Na terceira temporada, o episódio sobre cyberbullying é o que merece destaque. Mesmo sendo um tema bastante pertinente nos dias de hoje, acaba passando despercebido com o decorrer do seriado. Trazendo depoimentos de comentários reais, o quarteto alerta sobre o aconselhamento e a busca de ajuda para casos de assédio. Entretanto, essa passagem rápida no assunto acaba prejudicando a transmissão da mensagem, como se a solução para tal problema fosse simples. Essa facilidade de desenvolvimento se deu, talvez, porque no período em que a série estava em exibição, o sucesso das redes sociais ainda estava em hibernação, sem pretensões de virar o fenômeno que é hoje.

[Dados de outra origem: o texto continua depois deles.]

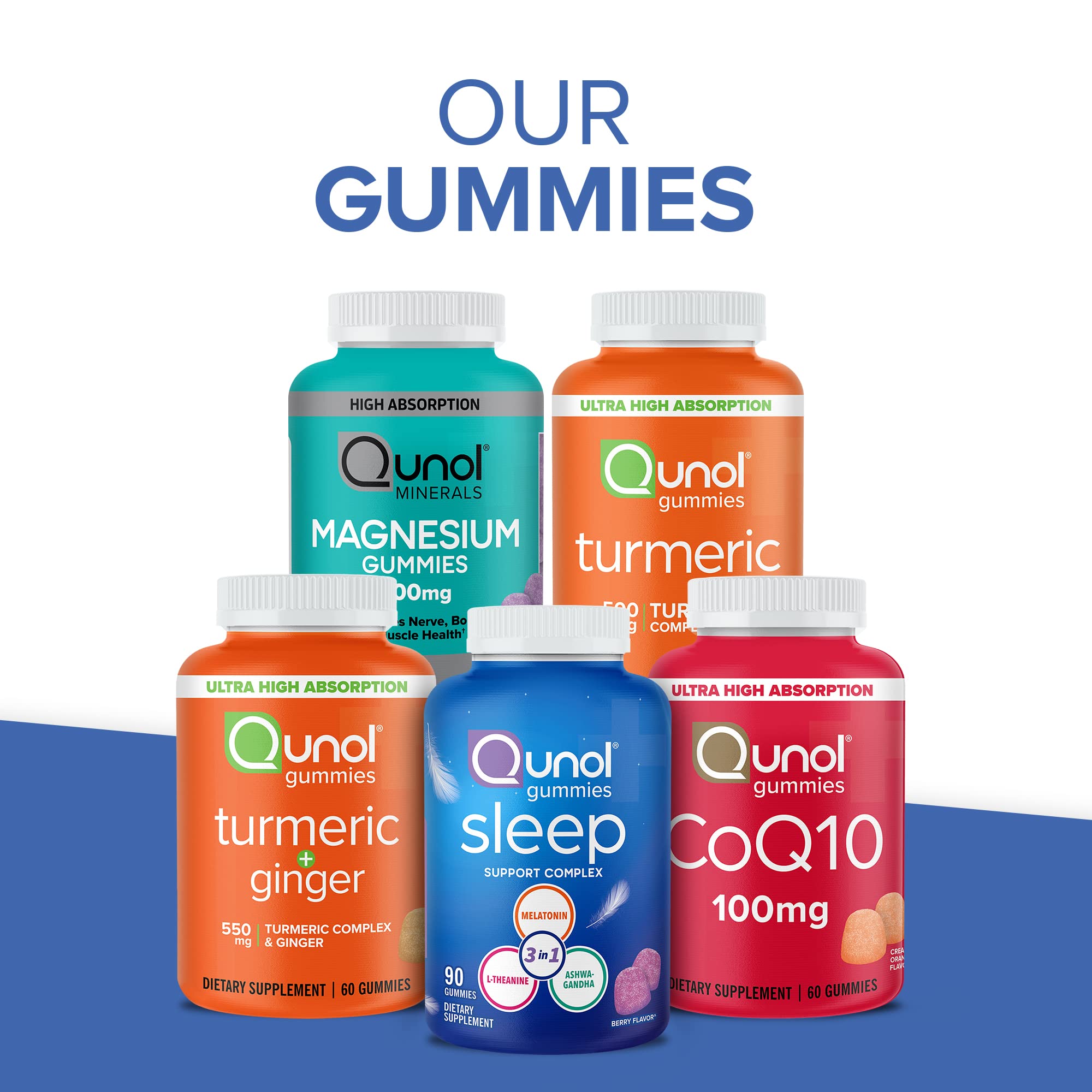 Foto 8 pulgar | Suplemento De Gomitas De Cúrcuma Qunol, 500 Mg De Curcumina, 90 Unidades - Venta Internacional.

O pontapé para a quarta temporada é de Austin tomar uma decisão importante que afeta sua carreira. Sendo um fenômeno na internet desde sua primeira aparição, o personagem chamava a atenção por onde passava por suas danças bem coreografadas e melodias incríveis. Ao assinar com a Star Records, Austin conseguiu elevar ainda mais seu patamar ao mesmo tempo que o obrigava a seguir ordens que não concordava. Infelizmente, os contratos lucrativos acabam prejudicando jovens cantores com muitos sonhos até mesmo na ficção. É nítido a diferença de tratamento entre as gravadoras de Ally e de Austin, tanto no quesito de funcionalidade quanto no respeito ao artista.
Terminar a última temporada parece fazer seu coração se quebrar, como se um ciclo da sua vida tivesse sido fechado para sempre, num cofre a sete chaves. Quando aberto, desabrocha os melhores sentimentos que você pode lembrar, um mix de saudade, alegria, tristeza e nostalgia. Recordar é viver, já diria aquele ditado. E Austin & Ally, não há maneira alguma de eu fazer isso sem você. Va-leu!